Cabe esclarecer que os Decretos nº 53.831/1964 e 83.080/1979 tiveram vigência concomitante até a edição do Decreto nº 2.172/1997, que revogou de forma expressa o fundamento de validade da legislação então vigente.

O Decreto nº 4.882/2003, que reduziu o limite de tolerância ao agente físico ruído para 85 decibéis, não pode ser aplicado retroativamente. Dessa forma, entre 06 de março de 1997 e 18 de novembro de 2003, o limite de tolerância ao ruído corresponde a 90 decibéis, consoante o código 2.0.1 do Anexo IV dos Decretos n° 2.172/1997 e 3.048/1999. O Superior Tribunal de Justiça examinou a matéria em recurso especial repetitivo e fixou a seguinte tese:

Tema nº 694: O limite de tolerância para configuração da especialidade do tempo de serviço para o agente ruído deve ser de 90 dB no período de 6.3.1997 a 18.11.2003, conforme Anexo IV do Decreto 2.172/1997 e Anexo IV do Decreto 3.048/1999, sendo impossível aplicação retroativa do Decreto 4.882/2003, que reduziu o patamar para 85 dB, sob pena de ofensa ao art. 6º da LINDB (ex-LICC). (REsp 1.398.260/PR, Rel. Ministro HERMAN BENJAMIN, PRIMEIRA SEÇÃO, julgado em 14/05/2014, DJe 05/12/2014)

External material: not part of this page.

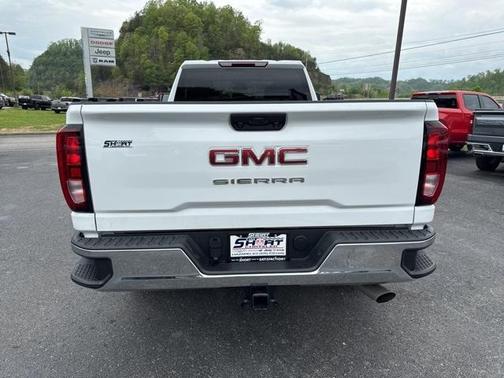 2024 GMC Sierra 2500 Pro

A respeito da utilização de equipamento de proteção individual (EPI), a partir da Lei nº 9.732/1998, que modificou a redação dos parágrafos 1º e 2º do art. 58 da Lei nº 8.213/1991, a legislação previdenciária estabelece que a existência de tecnologia de proteção individual eficaz, que comprovadamente neutralize os agentes nocivos ou diminua a sua intensidade a limites de tolerância, afasta o efetivo prejuízo à saúde ou integridade física do trabalhador, razão pela qual a atividade não pode ser qualificada como especial.

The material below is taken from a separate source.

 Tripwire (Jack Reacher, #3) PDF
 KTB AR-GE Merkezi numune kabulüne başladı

O Supremo Tribunal Federal, em julgado com repercussão geral, firmou entendimento no sentido de que, se o EPI for realmente capaz de neutralizar a nocividade, não há direito à aposentadoria especial. Contudo, havendo demonstração de que o uso do EPI, no caso concreto, não é suficiente para afastar a nocividade, deve ser reconhecida a especialidade do trabalho. Em relação ao ruído, o STF considerou que a exposição a níveis superiores aos limites de tolerância causa prejuízos ao organismo humano que vão além dos relacionados à perda das funções auditivas. Assim, a utilização do EPI não garante a eliminação dos efeitos do agente nocivo ruído, pois existem fatores de difícil ou impossível controle que influenciam a sua efetividade. Esta é a redação da tese firmada:

Tema nº 555: I - O direito à aposentadoria especial pressupõe a efetiva exposição do trabalhador a agente nocivo a sua saúde, de modo que, se o Equipamento de Proteção Individual (EPI) for realmente capaz de neutralizar a nocividade, não haverá respaldo constitucional à aposentadoria especial; II - Na hipótese de exposição do trabalhador a ruído acima dos limites legais de tolerância, a declaração do empregador, no âmbito do Perfil Profissiográfico Previdenciário (PPP), da eficácia do Equipamento de Proteção Individual (EPI), não descaracteriza o tempo de serviço especial para aposentadoria. (ARE 664335, Relator(a): Min. LUIZ FUX, Tribunal Pleno, julgado em 04/12/2014, ACÓRDÃO ELETRÔNICO REPERCUSSÃO GERAL - MÉRITO DJe-029 DIVULG 11-02-2015 PUBLIC 12-02-2015)

Caso concreto

A matéria a ser apreciada refere-se somente ao reconhecimento da especialidade nos períodos impugnados na apelação, visto que a sentença não está sujeita ao reexame necessário.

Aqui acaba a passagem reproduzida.